──────── Dataset extract ────────

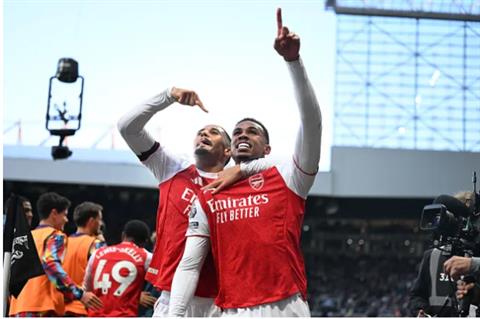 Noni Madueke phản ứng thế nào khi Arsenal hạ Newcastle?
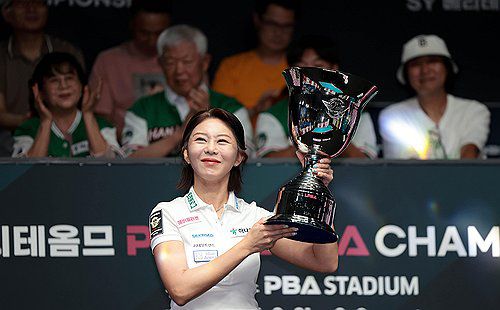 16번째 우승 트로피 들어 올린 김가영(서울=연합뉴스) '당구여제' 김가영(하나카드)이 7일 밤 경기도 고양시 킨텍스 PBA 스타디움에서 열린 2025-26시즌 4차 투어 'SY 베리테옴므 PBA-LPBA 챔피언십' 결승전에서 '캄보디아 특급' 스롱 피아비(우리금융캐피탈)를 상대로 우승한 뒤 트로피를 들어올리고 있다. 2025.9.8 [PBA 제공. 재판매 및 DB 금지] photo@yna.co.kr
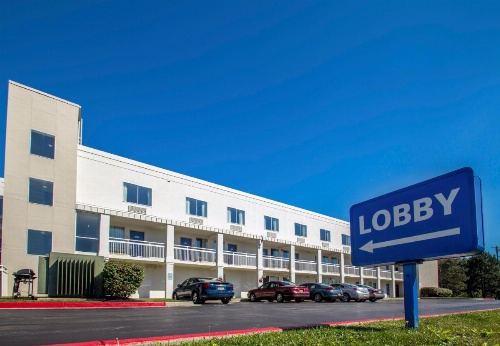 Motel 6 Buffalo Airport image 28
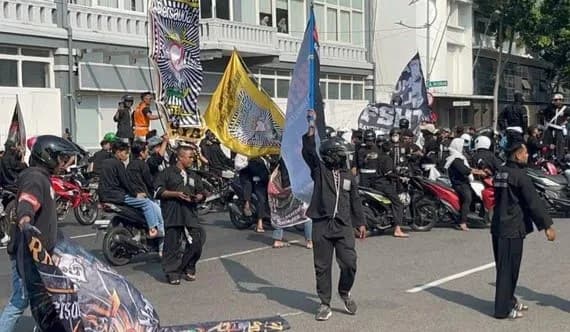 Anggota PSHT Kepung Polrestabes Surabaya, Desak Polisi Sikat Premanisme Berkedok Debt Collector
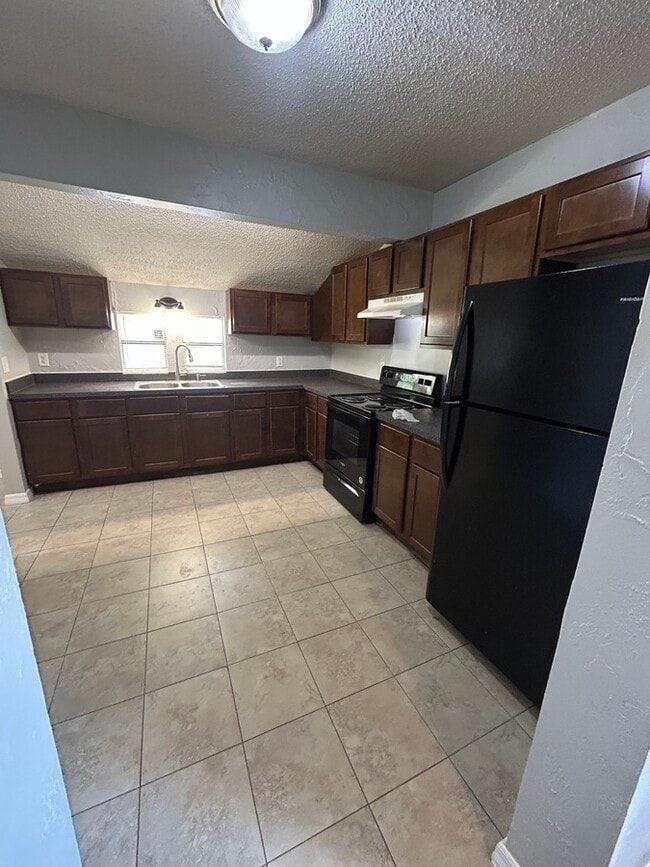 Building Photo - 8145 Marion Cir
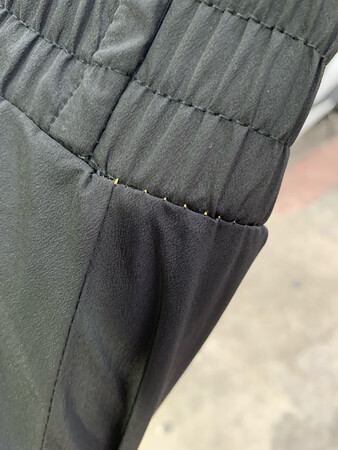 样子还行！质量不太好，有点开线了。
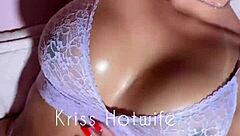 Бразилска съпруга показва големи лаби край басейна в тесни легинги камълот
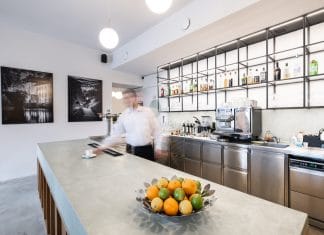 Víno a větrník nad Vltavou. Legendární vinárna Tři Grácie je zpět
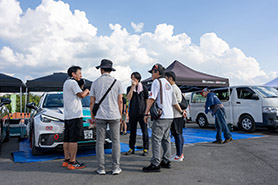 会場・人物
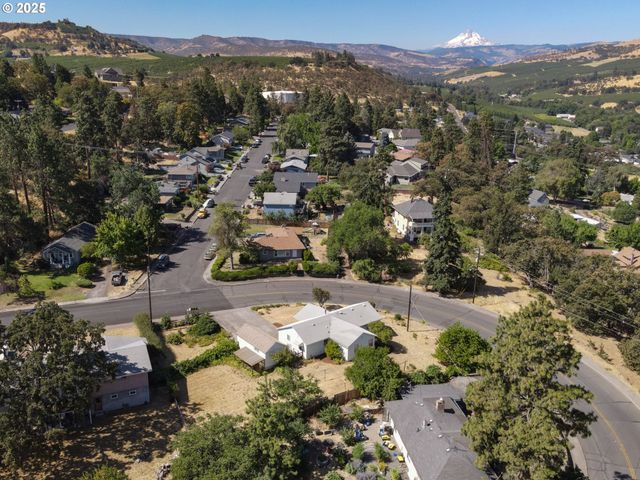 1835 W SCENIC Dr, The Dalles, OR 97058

────────
──────── Dataset extract ────────

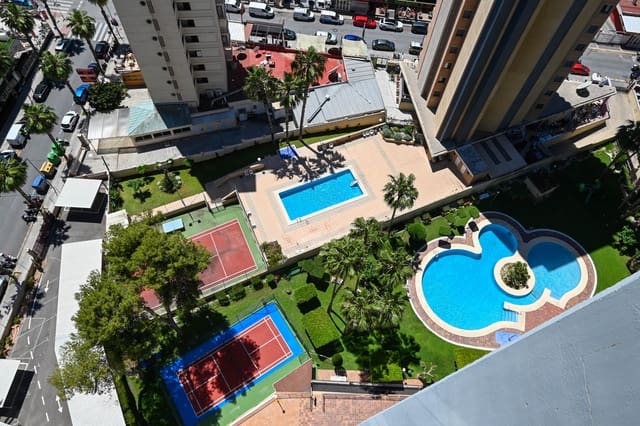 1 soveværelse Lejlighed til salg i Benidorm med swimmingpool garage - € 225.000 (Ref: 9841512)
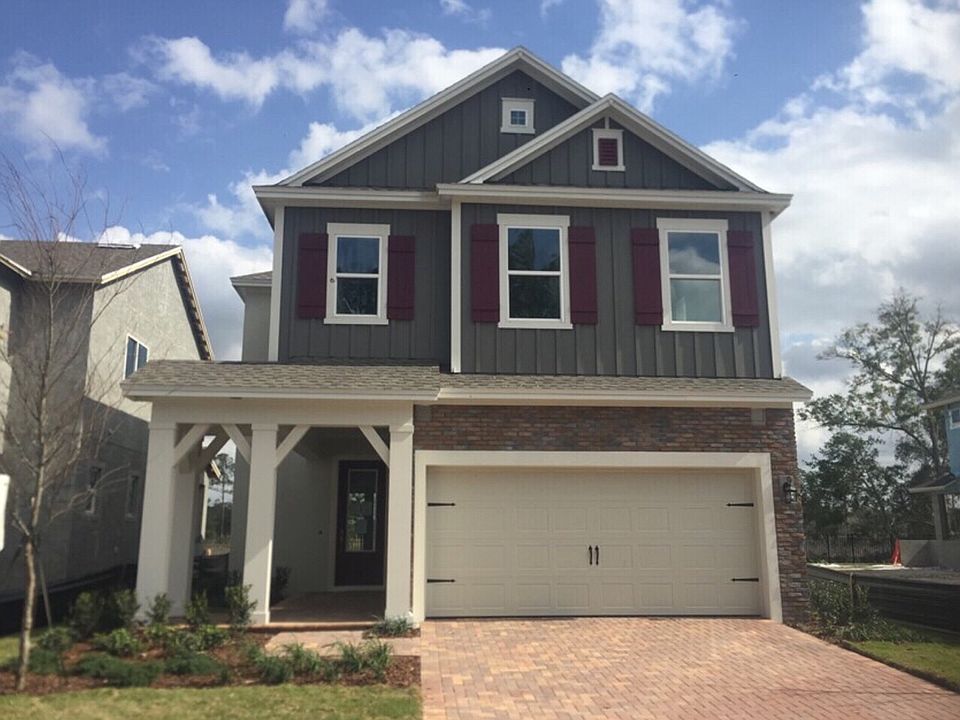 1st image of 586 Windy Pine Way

────────

*How to complete this task*. Print exactly the lines above that run from the one with "Noni Madueke phản" down to the one with "1835 W SCENIC Dr, The Dalles, OR 97058", and omit the pictures.

*Task result*.
 Noni Madueke phản ứng thế nào khi Arsenal hạ Newcastle?
 16번째 우승 트로피 들어 올린 김가영(서울=연합뉴스) '당구여제' 김가영(하나카드)이 7일 밤 경기도 고양시 킨텍스 PBA 스타디움에서 열린 2025-26시즌 4차 투어 'SY 베리테옴므 PBA-LPBA 챔피언십' 결승전에서 '캄보디아 특급' 스롱 피아비(우리금융캐피탈)를 상대로 우승한 뒤 트로피를 들어올리고 있다. 2025.9.8 [PBA 제공. 재판매 및 DB 금지] photo@yna.co.kr
 Motel 6 Buffalo Airport image 28
 Anggota PSHT Kepung Polrestabes Surabaya, Desak Polisi Sikat Premanisme Berkedok Debt Collector
 Building Photo - 8145 Marion Cir
 样子还行！质量不太好，有点开线了。
 Бразилска съпруга показва големи лаби край басейна в тесни легинги камълот
 Víno a větrník nad Vltavou. Legendární vinárna Tři Grácie je zpět
 会場・人物
 1835 W SCENIC Dr, The Dalles, OR 97058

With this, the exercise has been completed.